* Assigned task *
Wherever "Cotton" turns up in the entries, copy out the line that holds it.

* Dataset entries *
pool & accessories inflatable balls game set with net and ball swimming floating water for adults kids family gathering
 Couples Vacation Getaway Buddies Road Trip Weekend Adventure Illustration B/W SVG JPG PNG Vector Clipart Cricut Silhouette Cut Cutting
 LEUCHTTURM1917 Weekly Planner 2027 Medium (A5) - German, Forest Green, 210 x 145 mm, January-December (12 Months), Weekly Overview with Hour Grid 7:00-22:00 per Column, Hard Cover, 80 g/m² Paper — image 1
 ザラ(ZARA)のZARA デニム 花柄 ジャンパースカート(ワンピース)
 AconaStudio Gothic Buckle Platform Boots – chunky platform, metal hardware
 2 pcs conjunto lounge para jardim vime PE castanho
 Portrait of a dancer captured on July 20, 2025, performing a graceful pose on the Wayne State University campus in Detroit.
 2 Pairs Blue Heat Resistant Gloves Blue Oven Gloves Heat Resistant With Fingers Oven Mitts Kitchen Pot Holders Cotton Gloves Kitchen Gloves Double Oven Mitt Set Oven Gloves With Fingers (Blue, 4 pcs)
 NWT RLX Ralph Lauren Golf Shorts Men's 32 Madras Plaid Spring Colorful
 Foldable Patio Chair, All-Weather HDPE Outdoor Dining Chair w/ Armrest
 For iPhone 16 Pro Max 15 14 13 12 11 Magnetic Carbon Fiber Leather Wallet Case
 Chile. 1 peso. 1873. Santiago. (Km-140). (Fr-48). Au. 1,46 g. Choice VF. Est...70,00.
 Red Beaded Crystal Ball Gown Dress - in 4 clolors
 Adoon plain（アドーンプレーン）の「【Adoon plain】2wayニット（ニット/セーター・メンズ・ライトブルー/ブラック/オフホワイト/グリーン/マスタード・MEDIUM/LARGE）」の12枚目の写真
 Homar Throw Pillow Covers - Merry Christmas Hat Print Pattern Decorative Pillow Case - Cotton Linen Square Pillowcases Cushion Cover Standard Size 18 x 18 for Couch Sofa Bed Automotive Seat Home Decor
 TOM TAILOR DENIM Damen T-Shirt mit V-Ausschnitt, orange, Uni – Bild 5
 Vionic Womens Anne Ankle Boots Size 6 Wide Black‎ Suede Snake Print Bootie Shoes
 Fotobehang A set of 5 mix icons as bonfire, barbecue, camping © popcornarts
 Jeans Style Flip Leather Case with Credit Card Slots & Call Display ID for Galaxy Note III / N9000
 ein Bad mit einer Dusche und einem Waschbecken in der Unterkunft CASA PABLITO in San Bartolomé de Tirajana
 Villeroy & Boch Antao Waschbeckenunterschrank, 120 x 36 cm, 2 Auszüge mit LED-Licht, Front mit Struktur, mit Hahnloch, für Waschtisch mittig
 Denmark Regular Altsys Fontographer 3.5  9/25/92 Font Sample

* Answer area *
 2 Pairs Blue Heat Resistant Gloves Blue Oven Gloves Heat Resistant With Fingers Oven Mitts Kitchen Pot Holders Cotton Gloves Kitchen Gloves Double Oven Mitt Set Oven Gloves With Fingers (Blue, 4 pcs)
 Homar Throw Pillow Covers - Merry Christmas Hat Print Pattern Decorative Pillow Case - Cotton Linen Square Pillowcases Cushion Cover Standard Size 18 x 18 for Couch Sofa Bed Automotive Seat Home Decor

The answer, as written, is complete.